WHAT TO DO: A verbatim copy is needed of the lines below from the one containing "Fotografie - Bière supérieure Brasserie" up to and including the one containing "FAMOSA Minecraft Plüschtier 30 cm Grün", excluding pictures.

EXCERPTED RECORDS:

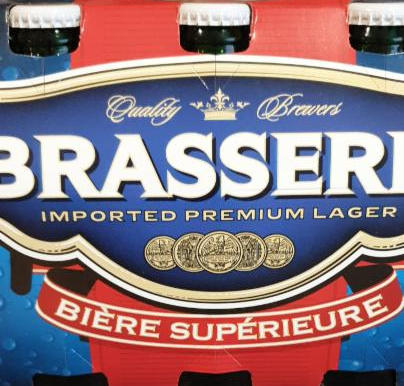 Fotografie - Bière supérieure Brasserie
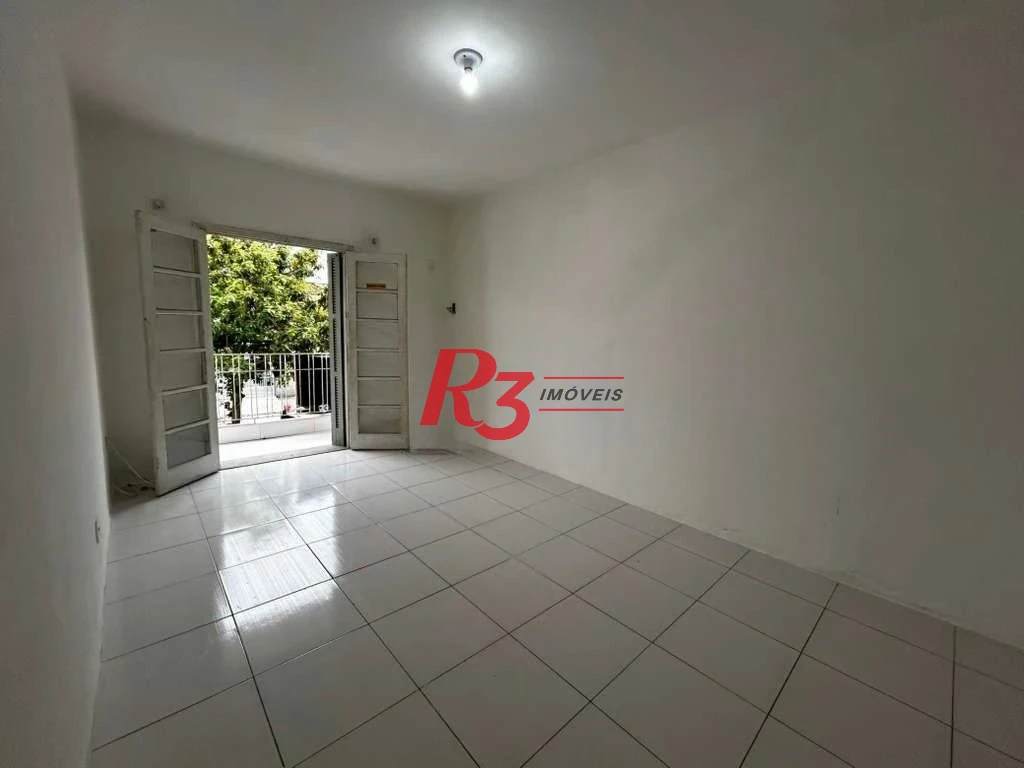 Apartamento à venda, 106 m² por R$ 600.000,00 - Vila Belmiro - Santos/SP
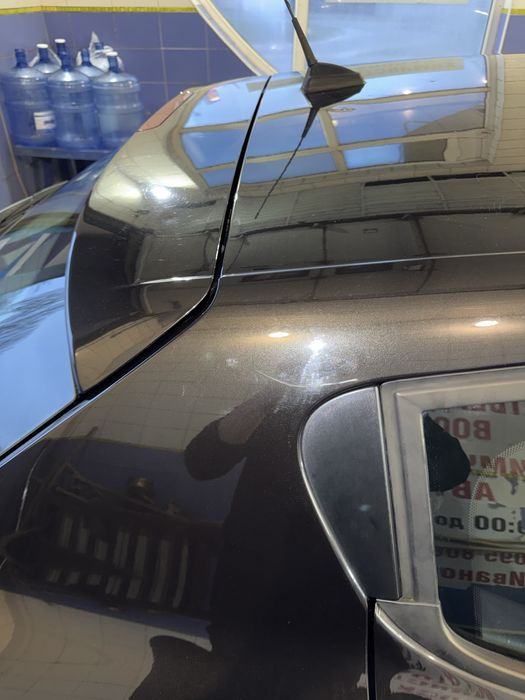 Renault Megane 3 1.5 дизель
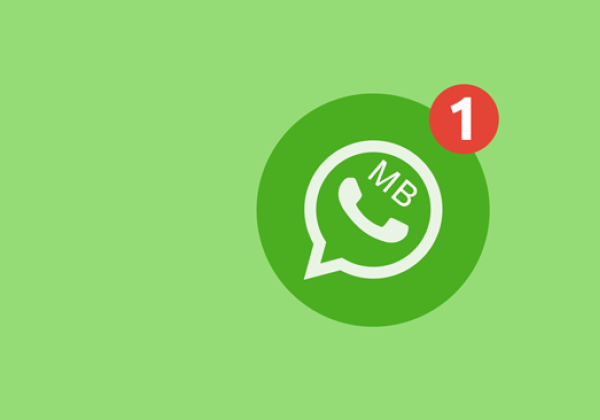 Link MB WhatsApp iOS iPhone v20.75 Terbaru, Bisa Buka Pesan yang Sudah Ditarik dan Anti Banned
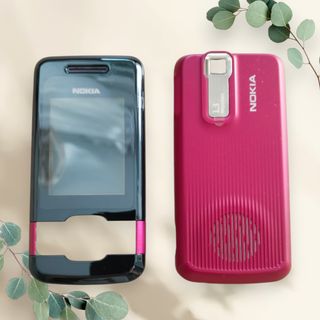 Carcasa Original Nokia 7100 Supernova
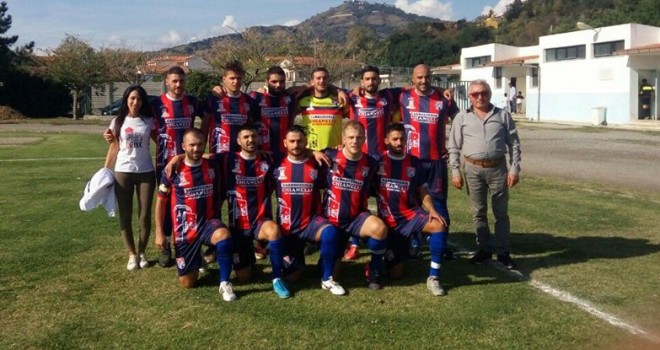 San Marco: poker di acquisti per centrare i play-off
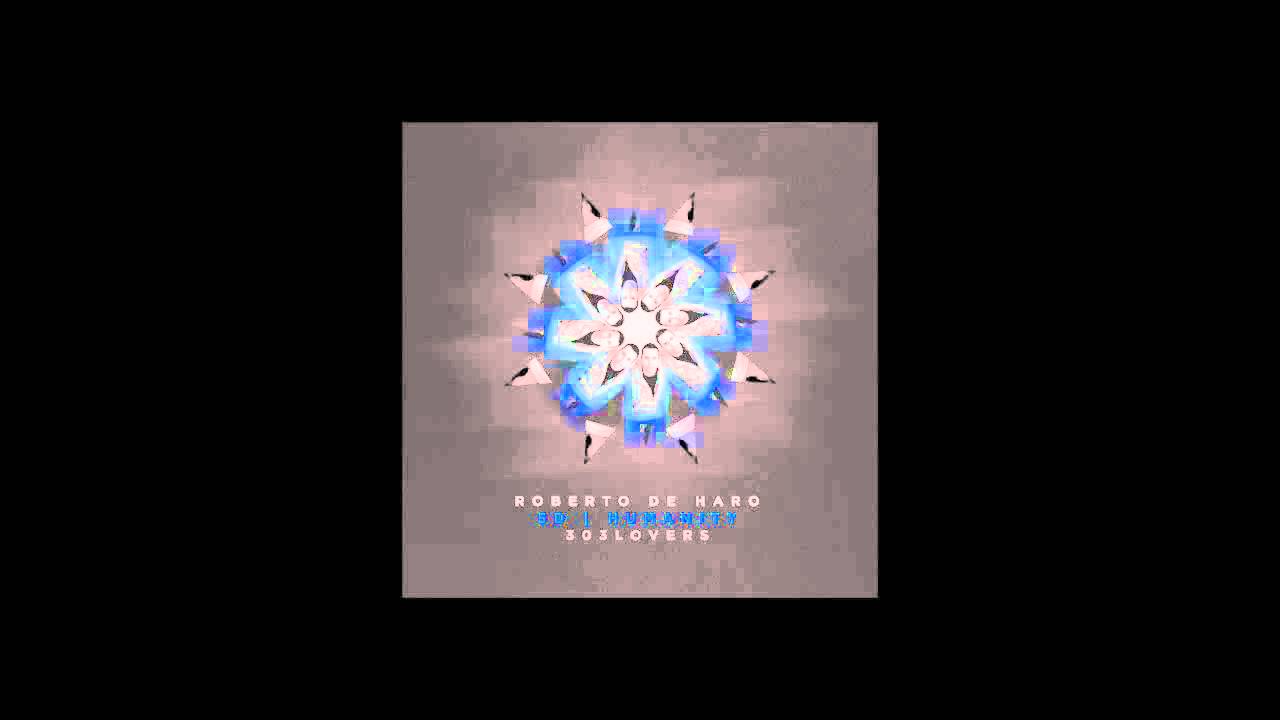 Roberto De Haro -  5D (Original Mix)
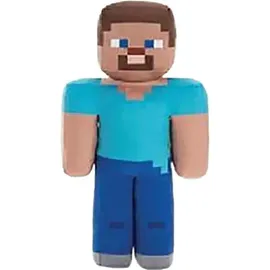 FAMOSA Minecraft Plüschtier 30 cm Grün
--
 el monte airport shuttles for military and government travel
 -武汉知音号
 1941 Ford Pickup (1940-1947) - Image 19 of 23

WRITTEN ANSWER:
 Fotografie - Bière supérieure Brasserie
 Apartamento à venda, 106 m² por R$ 600.000,00 - Vila Belmiro - Santos/SP
 Renault Megane 3 1.5 дизель
 Link MB WhatsApp iOS iPhone v20.75 Terbaru, Bisa Buka Pesan yang Sudah Ditarik dan Anti Banned
 Carcasa Original Nokia 7100 Supernova
 San Marco: poker di acquisti per centrare i play-off
 Roberto De Haro -  5D (Original Mix)
 FAMOSA Minecraft Plüschtier 30 cm Grün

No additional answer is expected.